DALLAS - Brent Brown goes to the wall for the future of West Dallas - the wall in his office covered in maps.
As director of CityDesign Studio at Dallas City Hall, he points to updated maps that layout the plan for this long-neglected area.
Along the widened Singleton Boulevard, Brown points to recent progress such as buildings with fresh paint, a new graphics arts business, and where Trinity Groves, a 13-acre restaurant complex, opens this year.
"There'll be a broad mix of restaurants, you know, really for everybody," Brown said. "Not just higher end, you know, so that offers opportunities for everyone to come and enjoy."
Development follows transportation.
To steer excessive growth from encroaching on the neighborhood, the city wants to connect Singleton to Commerce Street by extending three north/south streets that are dead ends now.

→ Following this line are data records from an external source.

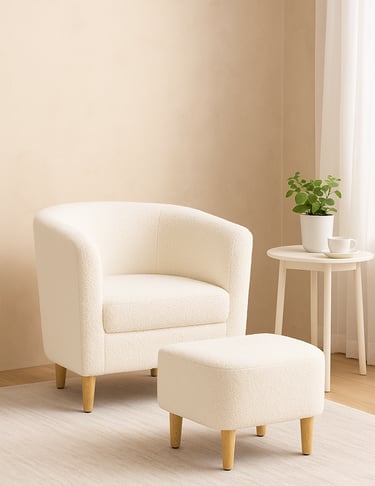 White armchair with ottoman and small side table in a cozy living room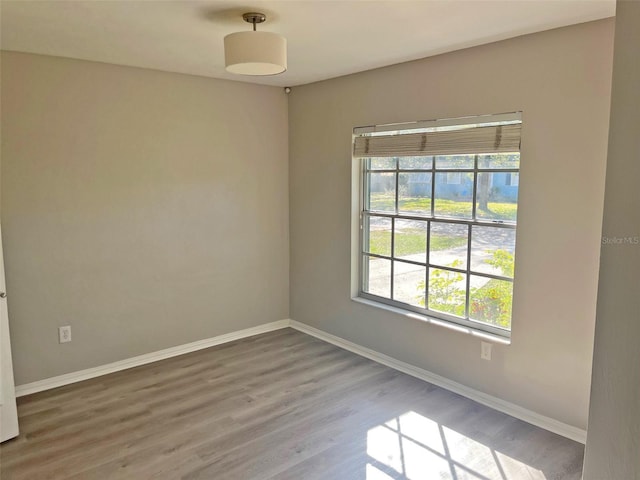 empty room featuring hardwood / wood-style floors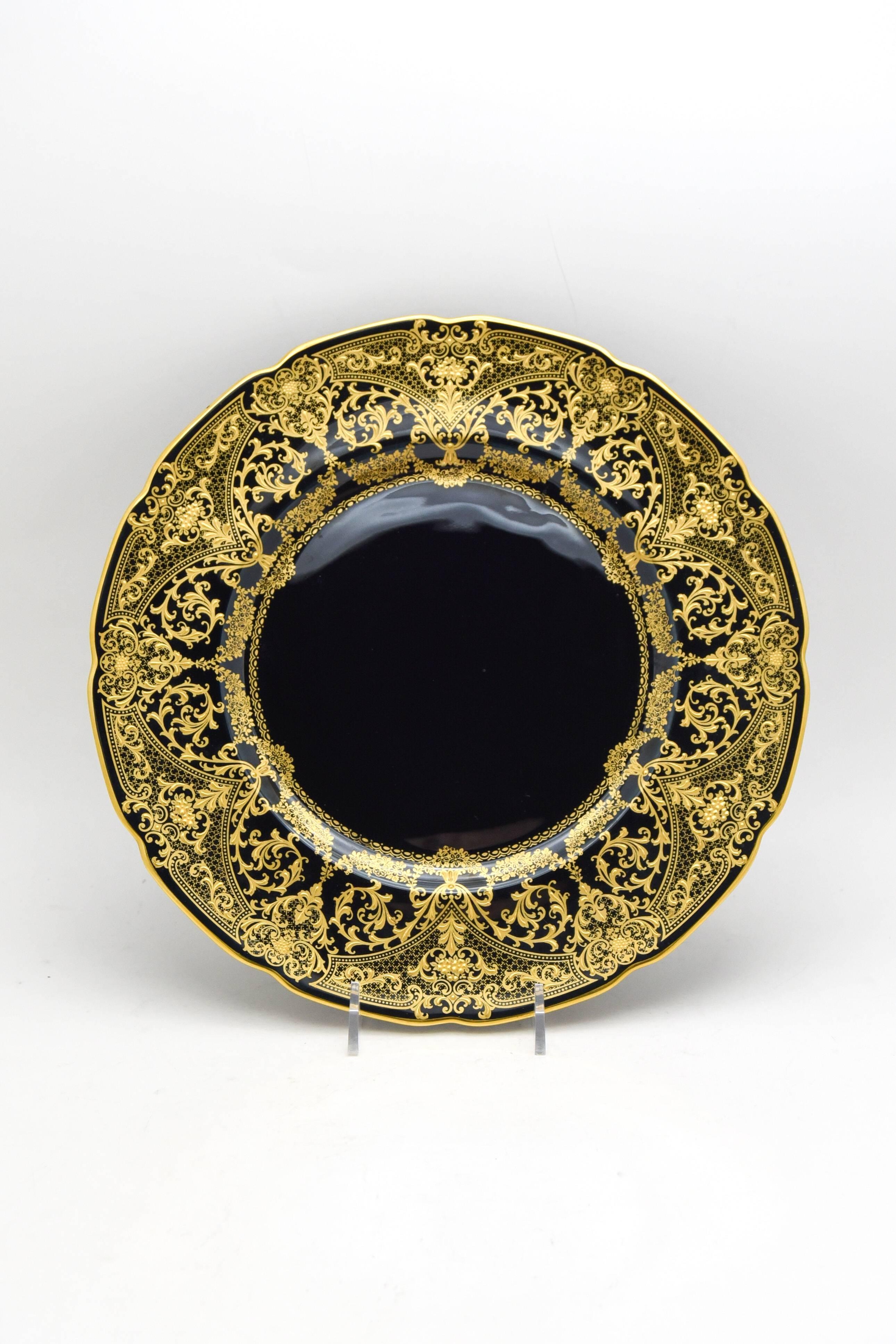 It is unusual to find dinner or service plates with a true black enamel ground and this set is a rare example. Not only the front, but the entire plate is decorated with black enamel ground creating a dramatic contrast to the exquisite raised paste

"And then let's concentrate the density here, which begins to move it away from the sitting neighborhood, [and] creates buffers where you can step down that development," Brown said. "It becomes more modest - two, three, four stories adjacent to a neighborhood."
Residents in the La Bajada area to the north worry developers and new construction could ruin their working class neighborhood. So the city council slapped on a height limit.
"You can still do a two-story home, but you couldn't build a three-story home," Brown said. "And you also couldn't begin to aggregate land where you would want to then change the zoning to be much higher density."
Although all the excitement is new, the city said the development will be gradual and it could take up to 30 years to fill in the area.